SPML Minutes

Agenda

How are SPML gateways being implemented?

How many people are using SPML?

Is SPML viable?

Are there issues with SPMLv2?

Notes

Most of the assembled were familiar with SPML and a handful of participants had already setup or implemented SPML services of some form. Some were using v1 and some were using v2.

UNC started examining SPML because they wanted to implement something that could do whatever Sun Identity Manager could do. Detecting changes, reflecting changes, doing workflow and other necessary processes are functions that would be included in what they may build. No other commercial products that are available met their provisioning/deprovisioning needs, and there are severe time pressures.

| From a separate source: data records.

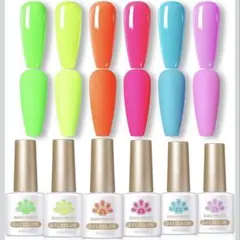 BORN PRETTY 蛍光カラー ネオンカラー ジェルネイル 6本セット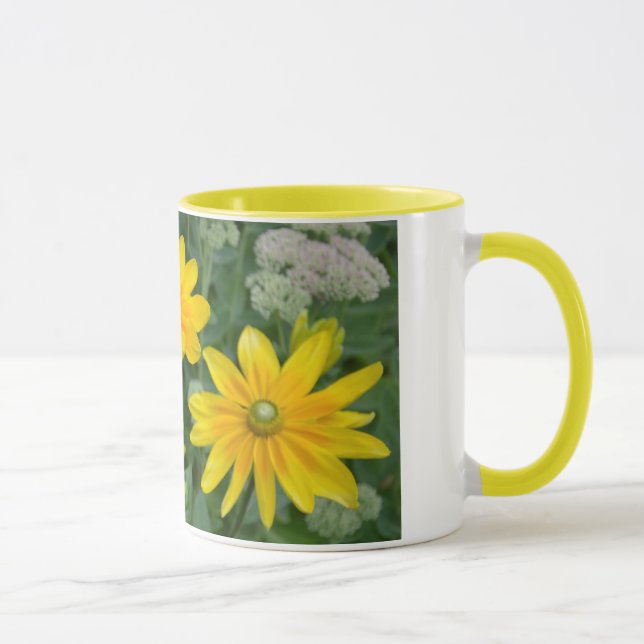 Taza Hermosa huella de girasol amarillo (Derecha)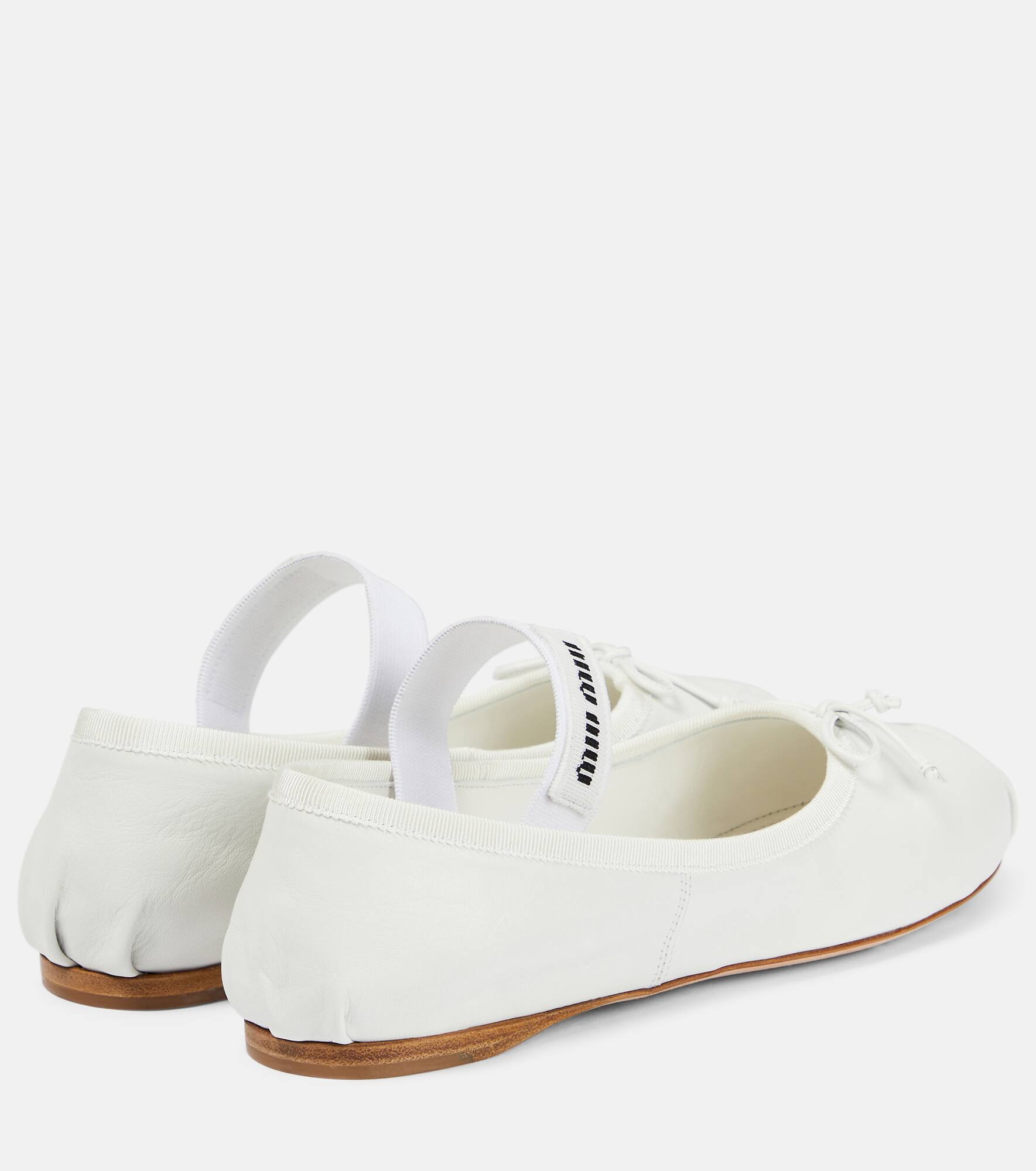 Logo leather ballet flats - 3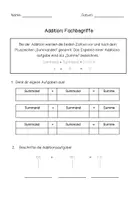 Vorschau - Arbeitsblätter - Addition - Die Fachbegriffe der vier Grundrechenarten - Seite 3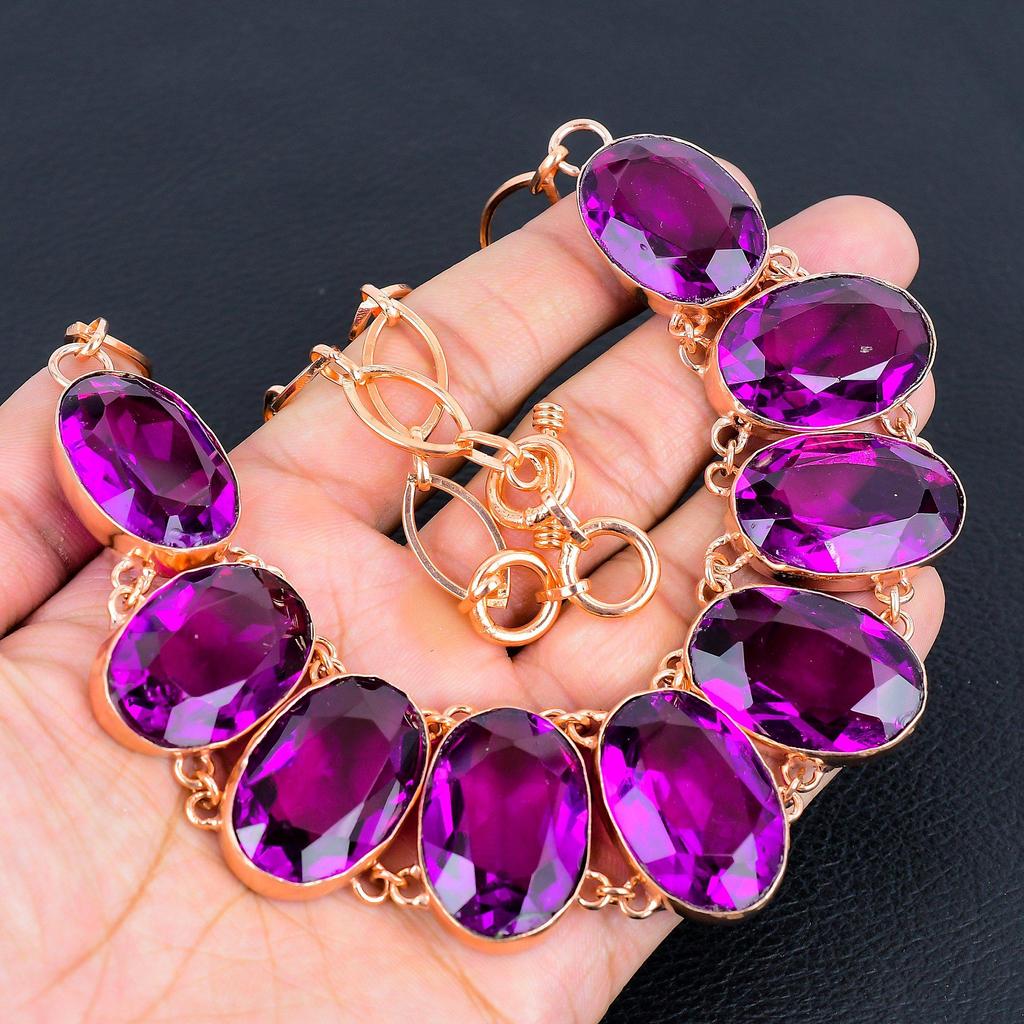 Pink Amethyst Gemstone Jewelry, Handmade Copper Necklace, Gorgeous Oval Shape Women Jewelry For Women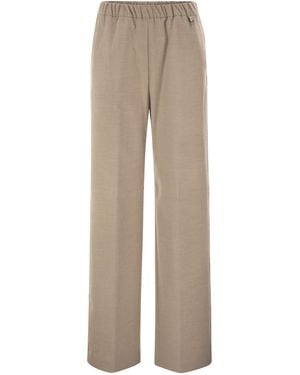 Herno Wide-Leg Flannel-Effect Pants With Elasticated Waistband - Natural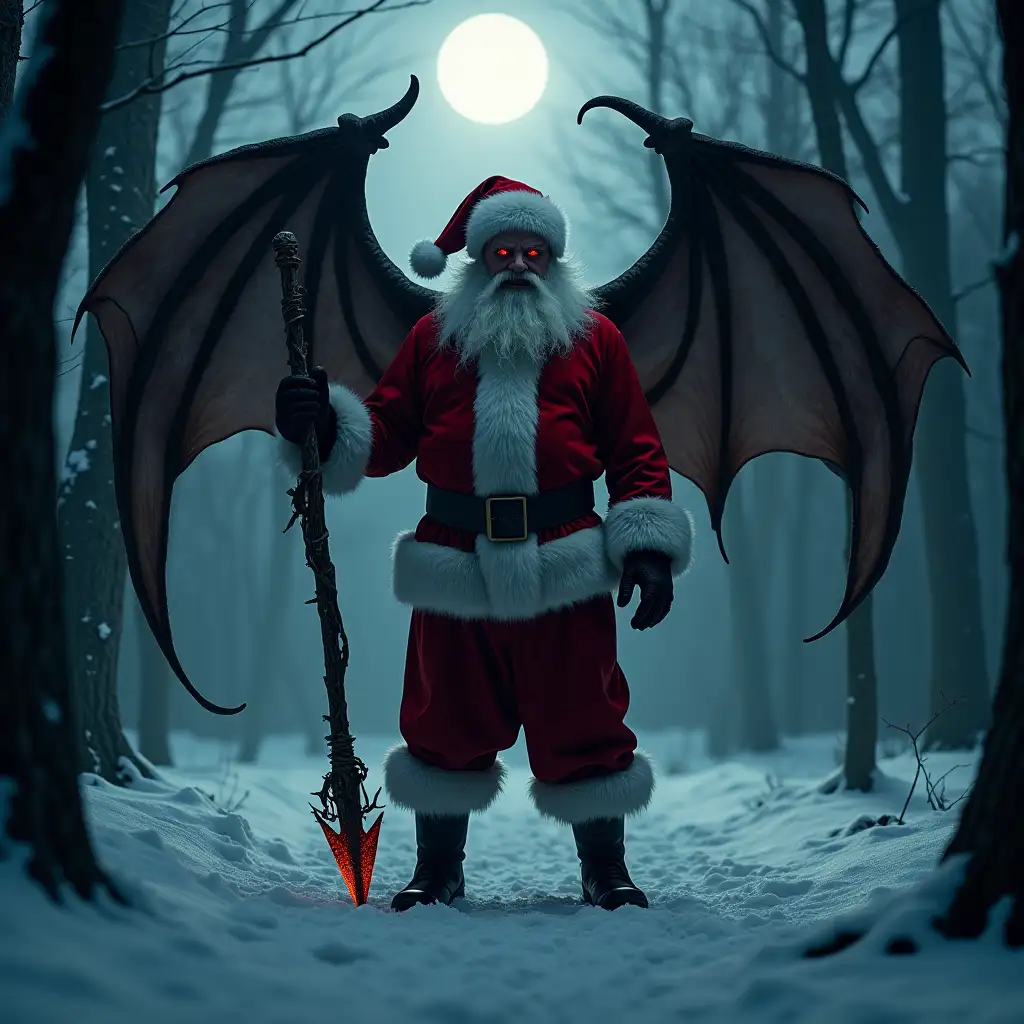 Create a dark, cinematic scene featuring a terrifying Santa Claus-bat hybrid in a snowy forest clearing under a full moon. The hybrid combines Santa Claus's signature red suit with the twisted, menacing features of a bat. Its body is muscular, with large, tattered bat wings extending ominously from its back, and glowing, fierce red eyes piercing through the darkness. The hybrid stands with an imposing presence, holding a sharp, gnarled staff, its claws glowing faintly with dark energy. The surrounding forest is eerie, with shadows stretching long, and a chilling wind rustles through the trees. The hybrid lets out a terrifying roar, sending shivers through the forest, as the atmosphere becomes thick with an air of danger and dread.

This provisioning went into Exchange, calendaring, directories, "anything else we can get our hands on to provision" including research computing resources.

At Yale, they have the sharing of identities, which is largely identity-based. That's distinct from service provisioning. "Provisioning" is a very big term, and most people talk about it in terms of the core netID. But aspects of identity beyond central identity management, or systems that use information beyond identity, are very important to Yale.

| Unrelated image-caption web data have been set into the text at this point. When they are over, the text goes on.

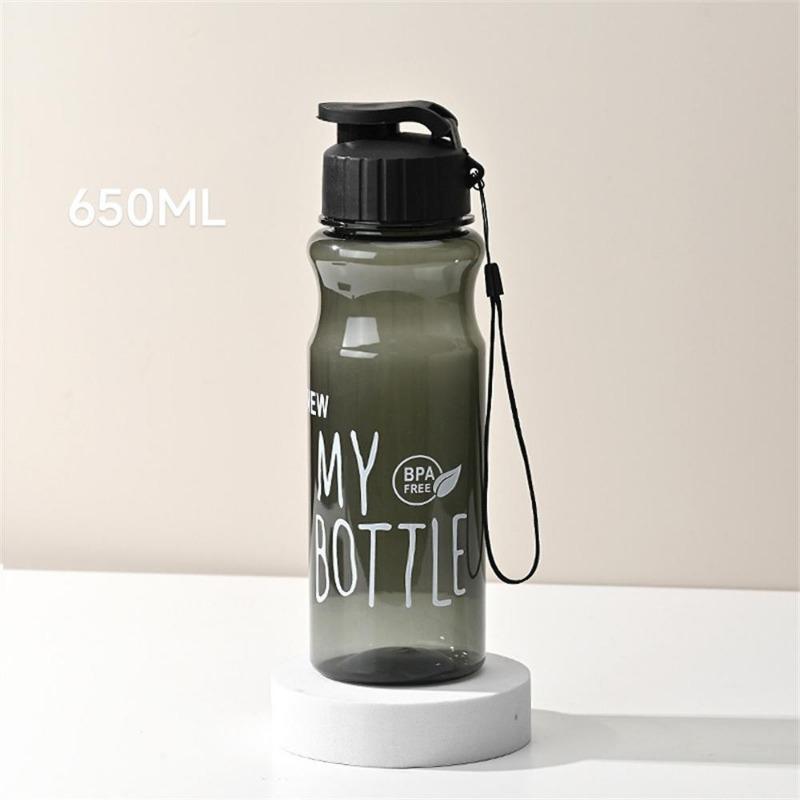 1Pc  650ml Water Cup Sport Water Bottle Couple Water Cup Plastic Portable Water Container Anti-drop Outdoor Rope Water Bottl Gift Mug WBL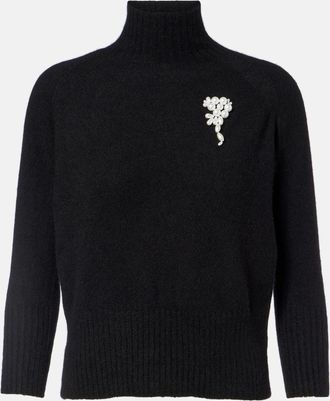 Simone Rocha Embellished cashmere turtleneck sweater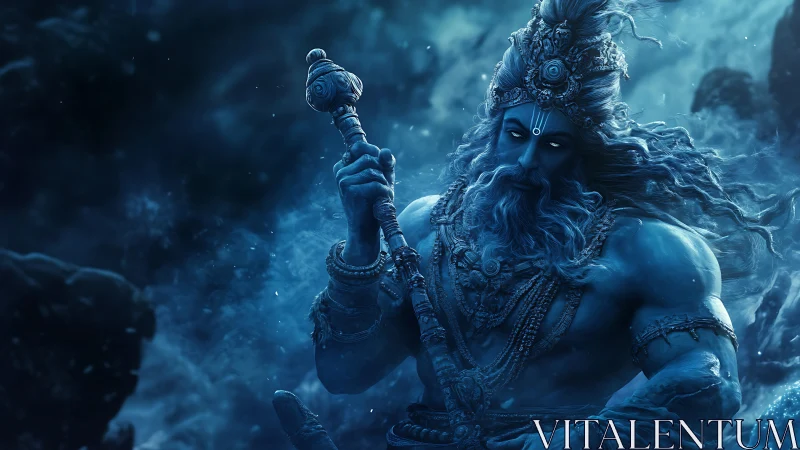 Mythic blue deity rendered in cinematic digital chiaroscuro.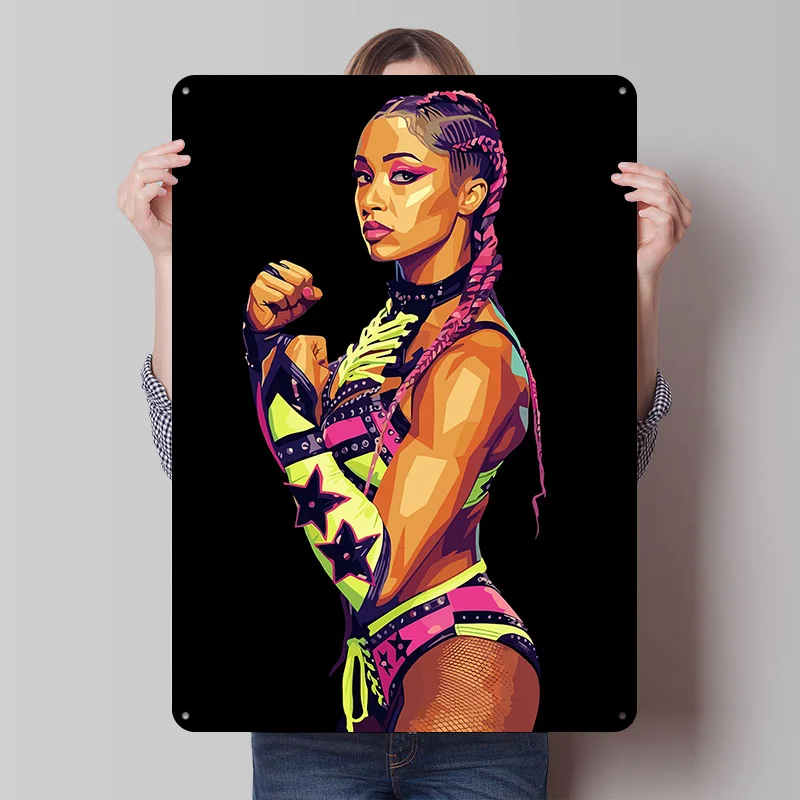 Bianca Belair Digitales Kunstporträt Blechposter Maßgefertigte Wandkunst Vintage Metallschilder Retro Blechplakette zur Dekoration Gaming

Karsten is not sure where you end up drawing the line between user data and service information. Separation of the two seems artificial to him.

Creating an email alias for someone creates an account that is adding an attribute to an identity, while a new email account may be based on a netID or other primary identifier.

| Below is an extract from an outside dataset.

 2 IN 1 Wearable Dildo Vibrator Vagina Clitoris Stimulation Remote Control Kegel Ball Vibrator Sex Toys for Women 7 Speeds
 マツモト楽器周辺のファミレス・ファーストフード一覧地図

In design of a provisioning system, you need to be careful of duplication and overlap. Every case requires an individual analysis. In some cases, the division between these systems can be capricious to Karsten. Yale had hoped that OIM would be that "one" solution, but provisioning of resources is too complicated to do within OIM so it was just much easier to do something else. Karsten wonder if that's OIM's fault as opposed to a fundamental problem. Tabled for further research.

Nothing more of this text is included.